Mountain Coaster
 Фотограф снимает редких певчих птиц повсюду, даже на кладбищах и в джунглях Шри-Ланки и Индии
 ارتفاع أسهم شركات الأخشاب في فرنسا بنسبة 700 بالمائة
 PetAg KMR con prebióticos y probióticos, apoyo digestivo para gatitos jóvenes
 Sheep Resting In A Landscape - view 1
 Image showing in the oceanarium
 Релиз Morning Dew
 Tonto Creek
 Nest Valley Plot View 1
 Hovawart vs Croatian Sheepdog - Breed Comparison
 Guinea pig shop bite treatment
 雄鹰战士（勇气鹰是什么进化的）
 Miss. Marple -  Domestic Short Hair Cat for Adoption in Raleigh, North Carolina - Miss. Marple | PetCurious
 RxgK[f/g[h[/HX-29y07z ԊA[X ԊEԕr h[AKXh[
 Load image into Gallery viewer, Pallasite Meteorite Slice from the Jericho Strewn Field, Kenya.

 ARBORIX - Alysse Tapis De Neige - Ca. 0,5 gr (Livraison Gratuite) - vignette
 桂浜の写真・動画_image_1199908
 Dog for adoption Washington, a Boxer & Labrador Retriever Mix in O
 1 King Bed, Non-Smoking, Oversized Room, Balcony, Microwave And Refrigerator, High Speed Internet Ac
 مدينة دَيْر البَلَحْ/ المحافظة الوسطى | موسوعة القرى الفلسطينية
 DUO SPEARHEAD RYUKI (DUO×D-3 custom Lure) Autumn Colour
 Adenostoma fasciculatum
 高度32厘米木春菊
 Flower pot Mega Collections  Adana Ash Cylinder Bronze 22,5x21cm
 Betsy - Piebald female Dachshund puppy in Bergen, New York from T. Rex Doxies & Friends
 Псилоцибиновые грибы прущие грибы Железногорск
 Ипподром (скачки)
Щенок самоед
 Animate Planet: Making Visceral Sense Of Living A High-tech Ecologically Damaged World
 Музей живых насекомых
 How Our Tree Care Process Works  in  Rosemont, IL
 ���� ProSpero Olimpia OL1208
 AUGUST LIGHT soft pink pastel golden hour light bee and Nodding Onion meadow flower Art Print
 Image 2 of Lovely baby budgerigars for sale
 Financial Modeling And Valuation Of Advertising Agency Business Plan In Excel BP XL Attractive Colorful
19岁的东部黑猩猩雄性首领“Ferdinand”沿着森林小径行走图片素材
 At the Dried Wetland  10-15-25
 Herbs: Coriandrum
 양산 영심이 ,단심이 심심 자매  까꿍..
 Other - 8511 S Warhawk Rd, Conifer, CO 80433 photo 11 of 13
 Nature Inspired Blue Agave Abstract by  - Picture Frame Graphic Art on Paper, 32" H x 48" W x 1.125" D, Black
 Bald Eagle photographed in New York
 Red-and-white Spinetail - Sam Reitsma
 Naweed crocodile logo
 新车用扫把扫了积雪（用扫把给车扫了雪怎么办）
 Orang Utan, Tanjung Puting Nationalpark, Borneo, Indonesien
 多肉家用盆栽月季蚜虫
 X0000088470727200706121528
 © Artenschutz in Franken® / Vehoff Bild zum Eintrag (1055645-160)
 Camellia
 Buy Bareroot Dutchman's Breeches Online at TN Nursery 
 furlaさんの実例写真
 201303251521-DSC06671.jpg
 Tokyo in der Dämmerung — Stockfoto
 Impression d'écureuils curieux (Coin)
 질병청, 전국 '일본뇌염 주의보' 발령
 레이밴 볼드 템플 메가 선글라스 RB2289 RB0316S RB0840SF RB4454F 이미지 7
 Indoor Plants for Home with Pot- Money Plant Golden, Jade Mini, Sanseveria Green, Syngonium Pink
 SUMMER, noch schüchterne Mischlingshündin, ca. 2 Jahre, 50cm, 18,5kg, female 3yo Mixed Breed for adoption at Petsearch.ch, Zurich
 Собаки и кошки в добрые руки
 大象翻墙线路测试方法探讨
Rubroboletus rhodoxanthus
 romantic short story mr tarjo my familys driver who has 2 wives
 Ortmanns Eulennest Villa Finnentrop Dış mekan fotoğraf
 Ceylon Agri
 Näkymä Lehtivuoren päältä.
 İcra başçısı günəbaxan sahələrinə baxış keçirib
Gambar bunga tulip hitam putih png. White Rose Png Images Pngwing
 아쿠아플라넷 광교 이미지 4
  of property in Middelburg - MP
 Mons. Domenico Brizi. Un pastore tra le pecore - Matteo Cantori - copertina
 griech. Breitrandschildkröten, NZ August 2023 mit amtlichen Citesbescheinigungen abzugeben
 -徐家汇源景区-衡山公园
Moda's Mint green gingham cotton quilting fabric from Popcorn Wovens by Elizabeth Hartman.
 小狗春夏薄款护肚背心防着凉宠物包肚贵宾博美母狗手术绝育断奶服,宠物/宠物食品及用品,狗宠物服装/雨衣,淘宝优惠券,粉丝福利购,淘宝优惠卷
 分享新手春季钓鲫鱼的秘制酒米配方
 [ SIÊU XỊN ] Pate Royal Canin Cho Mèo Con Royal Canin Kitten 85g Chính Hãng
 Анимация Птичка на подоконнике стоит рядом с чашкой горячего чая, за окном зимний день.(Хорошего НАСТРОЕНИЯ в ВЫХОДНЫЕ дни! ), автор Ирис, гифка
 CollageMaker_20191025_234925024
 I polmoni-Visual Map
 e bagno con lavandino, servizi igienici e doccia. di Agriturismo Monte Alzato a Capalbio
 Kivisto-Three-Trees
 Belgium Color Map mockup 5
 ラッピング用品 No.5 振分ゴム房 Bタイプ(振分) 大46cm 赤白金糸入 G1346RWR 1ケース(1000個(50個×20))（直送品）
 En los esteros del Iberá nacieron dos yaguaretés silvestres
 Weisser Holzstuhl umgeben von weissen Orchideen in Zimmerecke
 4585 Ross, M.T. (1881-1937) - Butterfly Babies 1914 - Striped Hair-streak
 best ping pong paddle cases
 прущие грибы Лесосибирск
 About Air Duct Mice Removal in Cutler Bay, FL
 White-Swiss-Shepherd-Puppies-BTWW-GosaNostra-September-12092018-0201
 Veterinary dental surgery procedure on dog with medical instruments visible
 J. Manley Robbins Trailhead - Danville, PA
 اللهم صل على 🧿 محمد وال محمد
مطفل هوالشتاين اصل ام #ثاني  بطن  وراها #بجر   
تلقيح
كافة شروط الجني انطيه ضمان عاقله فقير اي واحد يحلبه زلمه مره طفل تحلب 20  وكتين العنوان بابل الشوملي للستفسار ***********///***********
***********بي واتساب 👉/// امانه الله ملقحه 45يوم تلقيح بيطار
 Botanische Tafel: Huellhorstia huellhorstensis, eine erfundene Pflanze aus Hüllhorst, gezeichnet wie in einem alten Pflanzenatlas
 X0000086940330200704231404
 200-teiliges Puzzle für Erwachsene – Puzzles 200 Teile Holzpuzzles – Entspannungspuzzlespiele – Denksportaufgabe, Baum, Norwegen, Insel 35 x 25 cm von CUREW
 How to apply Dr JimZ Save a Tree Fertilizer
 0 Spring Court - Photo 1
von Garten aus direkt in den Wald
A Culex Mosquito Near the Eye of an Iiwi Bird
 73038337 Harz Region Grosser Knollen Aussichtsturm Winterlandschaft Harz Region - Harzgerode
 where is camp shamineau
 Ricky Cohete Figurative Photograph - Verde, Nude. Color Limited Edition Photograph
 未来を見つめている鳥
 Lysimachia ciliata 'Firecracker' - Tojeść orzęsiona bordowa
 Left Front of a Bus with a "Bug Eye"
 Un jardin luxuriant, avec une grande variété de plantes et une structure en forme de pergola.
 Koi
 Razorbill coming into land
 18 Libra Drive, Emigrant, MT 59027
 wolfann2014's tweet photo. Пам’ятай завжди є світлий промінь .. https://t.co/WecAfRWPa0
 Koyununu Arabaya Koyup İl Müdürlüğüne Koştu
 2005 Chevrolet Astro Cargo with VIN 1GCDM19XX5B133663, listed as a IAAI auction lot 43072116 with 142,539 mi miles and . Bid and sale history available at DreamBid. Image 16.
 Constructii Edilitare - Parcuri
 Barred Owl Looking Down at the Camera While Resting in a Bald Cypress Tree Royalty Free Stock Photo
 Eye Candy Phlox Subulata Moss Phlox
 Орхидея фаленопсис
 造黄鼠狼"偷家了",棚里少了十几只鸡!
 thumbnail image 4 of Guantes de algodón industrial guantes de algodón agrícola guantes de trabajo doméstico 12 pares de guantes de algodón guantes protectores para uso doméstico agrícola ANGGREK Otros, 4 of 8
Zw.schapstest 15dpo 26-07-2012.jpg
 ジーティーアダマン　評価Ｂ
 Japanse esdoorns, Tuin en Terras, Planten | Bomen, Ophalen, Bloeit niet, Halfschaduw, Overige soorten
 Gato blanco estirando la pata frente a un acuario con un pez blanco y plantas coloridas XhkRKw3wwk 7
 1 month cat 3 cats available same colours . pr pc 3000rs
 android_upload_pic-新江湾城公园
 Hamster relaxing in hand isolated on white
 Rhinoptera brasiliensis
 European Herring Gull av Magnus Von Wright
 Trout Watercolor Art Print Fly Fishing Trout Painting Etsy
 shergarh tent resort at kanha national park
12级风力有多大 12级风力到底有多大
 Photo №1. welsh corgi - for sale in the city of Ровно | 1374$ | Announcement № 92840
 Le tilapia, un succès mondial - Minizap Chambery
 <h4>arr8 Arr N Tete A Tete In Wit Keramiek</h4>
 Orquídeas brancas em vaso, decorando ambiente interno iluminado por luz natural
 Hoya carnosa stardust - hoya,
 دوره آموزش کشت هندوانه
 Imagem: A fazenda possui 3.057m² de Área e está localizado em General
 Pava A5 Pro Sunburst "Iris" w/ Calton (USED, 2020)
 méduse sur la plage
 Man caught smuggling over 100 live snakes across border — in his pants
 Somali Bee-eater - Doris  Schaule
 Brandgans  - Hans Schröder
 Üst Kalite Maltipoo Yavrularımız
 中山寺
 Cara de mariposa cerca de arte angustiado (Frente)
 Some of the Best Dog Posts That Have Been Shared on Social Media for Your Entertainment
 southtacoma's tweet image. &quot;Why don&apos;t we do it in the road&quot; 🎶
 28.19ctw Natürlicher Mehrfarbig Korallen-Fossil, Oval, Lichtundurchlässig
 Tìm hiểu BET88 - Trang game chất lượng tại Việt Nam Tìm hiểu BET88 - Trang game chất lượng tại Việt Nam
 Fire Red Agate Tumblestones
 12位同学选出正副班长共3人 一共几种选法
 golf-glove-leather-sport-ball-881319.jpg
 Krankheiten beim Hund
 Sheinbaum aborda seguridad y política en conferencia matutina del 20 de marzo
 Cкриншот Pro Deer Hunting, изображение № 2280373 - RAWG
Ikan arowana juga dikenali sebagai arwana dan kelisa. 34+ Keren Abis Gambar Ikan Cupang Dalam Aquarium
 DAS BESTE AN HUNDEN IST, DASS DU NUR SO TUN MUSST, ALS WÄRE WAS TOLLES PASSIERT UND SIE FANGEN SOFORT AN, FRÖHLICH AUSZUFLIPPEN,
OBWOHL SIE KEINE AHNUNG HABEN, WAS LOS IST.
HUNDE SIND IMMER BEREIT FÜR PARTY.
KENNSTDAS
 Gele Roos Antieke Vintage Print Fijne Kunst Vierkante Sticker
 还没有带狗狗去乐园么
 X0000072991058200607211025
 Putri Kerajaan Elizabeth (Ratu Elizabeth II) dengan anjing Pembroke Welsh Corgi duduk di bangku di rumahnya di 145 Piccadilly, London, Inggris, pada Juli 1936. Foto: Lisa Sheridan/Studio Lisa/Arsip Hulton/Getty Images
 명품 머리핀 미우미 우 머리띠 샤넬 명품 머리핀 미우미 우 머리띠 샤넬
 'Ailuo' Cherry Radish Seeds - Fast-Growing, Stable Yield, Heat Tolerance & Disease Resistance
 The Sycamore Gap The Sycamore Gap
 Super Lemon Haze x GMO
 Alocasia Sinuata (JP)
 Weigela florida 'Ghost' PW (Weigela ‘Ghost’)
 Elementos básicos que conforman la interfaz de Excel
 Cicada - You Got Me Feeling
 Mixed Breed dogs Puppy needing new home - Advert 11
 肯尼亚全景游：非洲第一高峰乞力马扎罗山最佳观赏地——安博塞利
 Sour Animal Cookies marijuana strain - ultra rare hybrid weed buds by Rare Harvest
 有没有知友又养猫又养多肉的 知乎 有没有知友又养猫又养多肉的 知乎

**Aim of the task**
Only the lines above starting with the one with "X0000088470727200706121528" and going through the one with "레이밴 볼드 템플 메가" are to be copied, word for word and with both ends kept.

**Solution for this exercise**
 X0000088470727200706121528
 © Artenschutz in Franken® / Vehoff Bild zum Eintrag (1055645-160)
 Camellia
 Buy Bareroot Dutchman's Breeches Online at TN Nursery 
 furlaさんの実例写真
 201303251521-DSC06671.jpg
 Tokyo in der Dämmerung — Stockfoto
 Impression d'écureuils curieux (Coin)
 질병청, 전국 '일본뇌염 주의보' 발령
 레이밴 볼드 템플 메가 선글라스 RB2289 RB0316S RB0840SF RB4454F 이미지 7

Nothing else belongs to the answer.